**STORED DATA:**
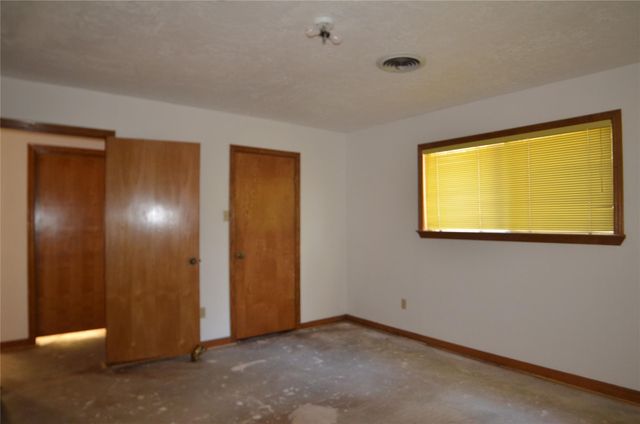 708 Catamaran Circle, Blessing, TX 77419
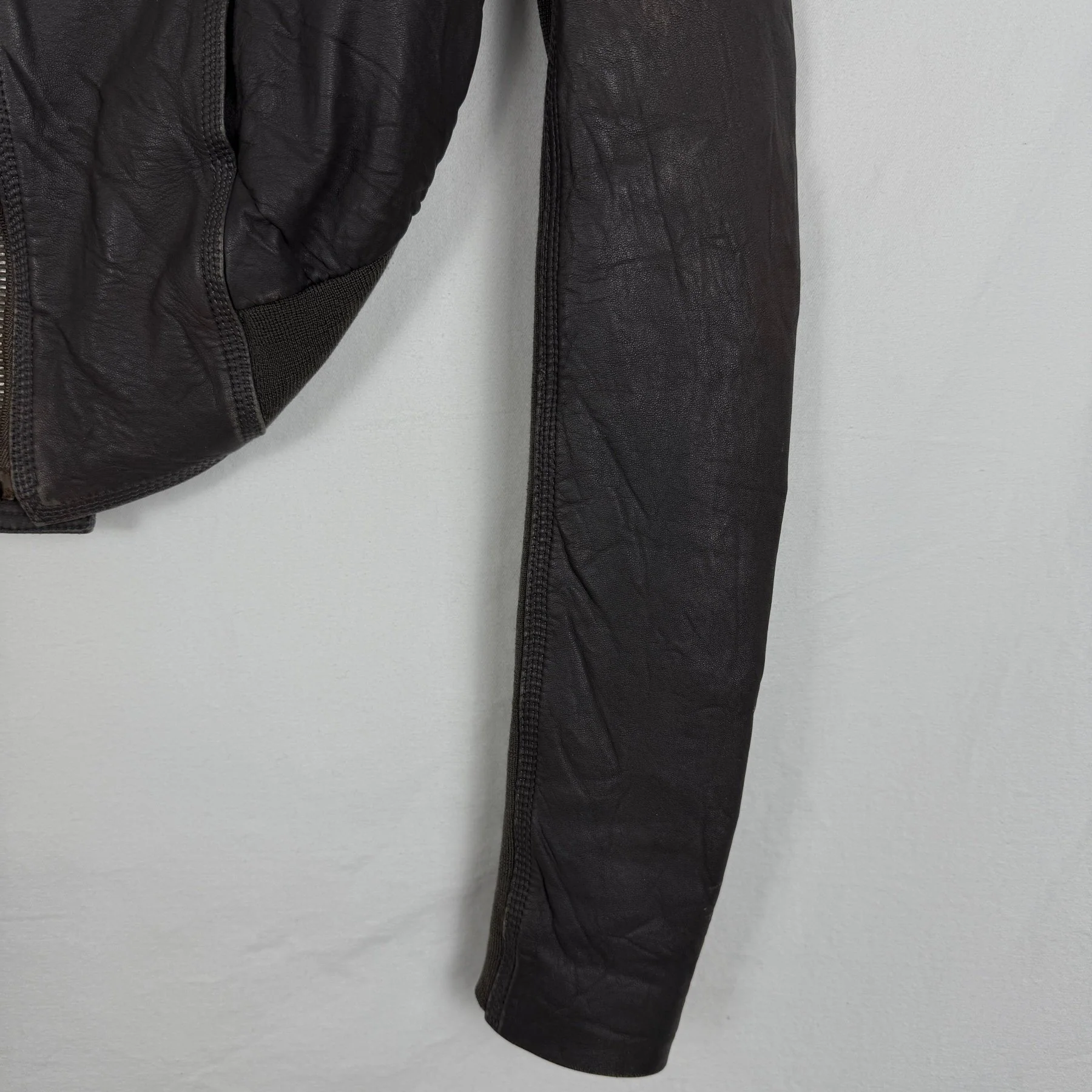 FW04 Rick Owens Cropped Bomber Jacket - Image 5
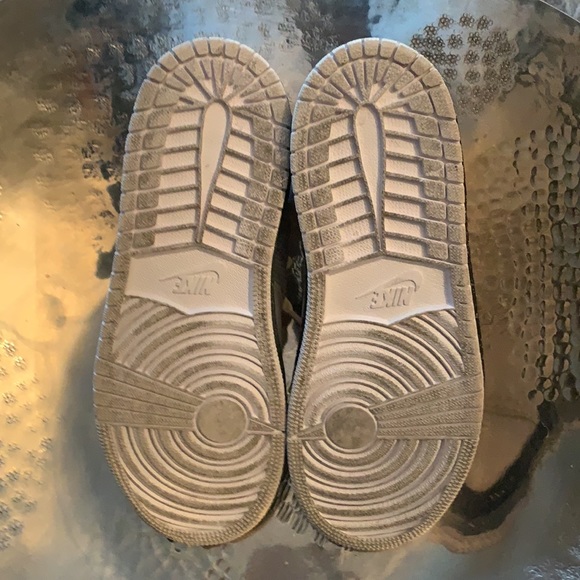 Air Jordans Boys size 3 - Brand New! - Picture 5 of 6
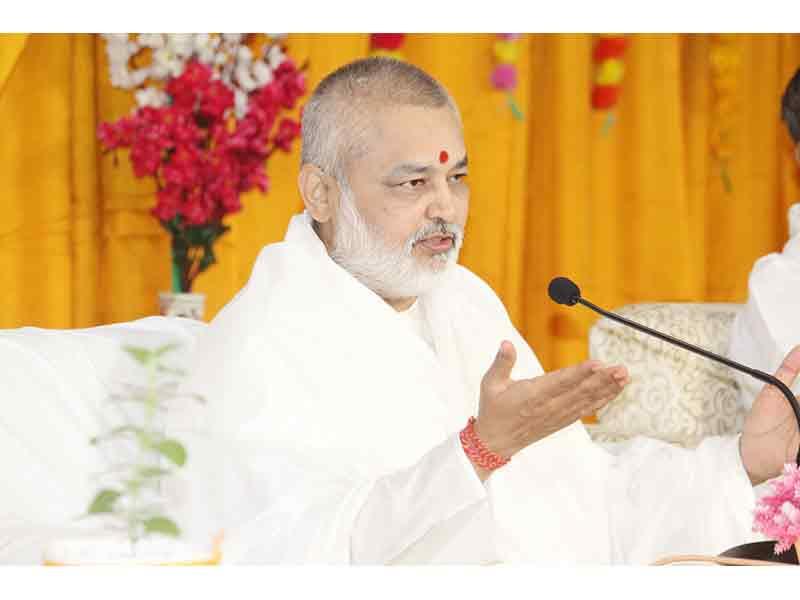 Pujya Brahmachari Girish ji addressed the audience on the occasion of International Mother's Day celebration organsed by Sahasra Sheersha Devi Mandal (unit of Maharishi World Peace Movement) at Maharishi Vedic Sanskritik Kendra Bhopal.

**PROBLEM TO WORK ON:** Set down word for word, from the line that contains "FW04 Rick Owens" to the end of the listing above, every line and no picture.

**FINISHED TASK:**
 FW04 Rick Owens Cropped Bomber Jacket - Image 5
 Air Jordans Boys size 3 - Brand New! - Picture 5 of 6
 Pujya Brahmachari Girish ji addressed the audience on the occasion of International Mother's Day celebration organsed by Sahasra Sheersha Devi Mandal (unit of Maharishi World Peace Movement) at Maharishi Vedic Sanskritik Kendra Bhopal.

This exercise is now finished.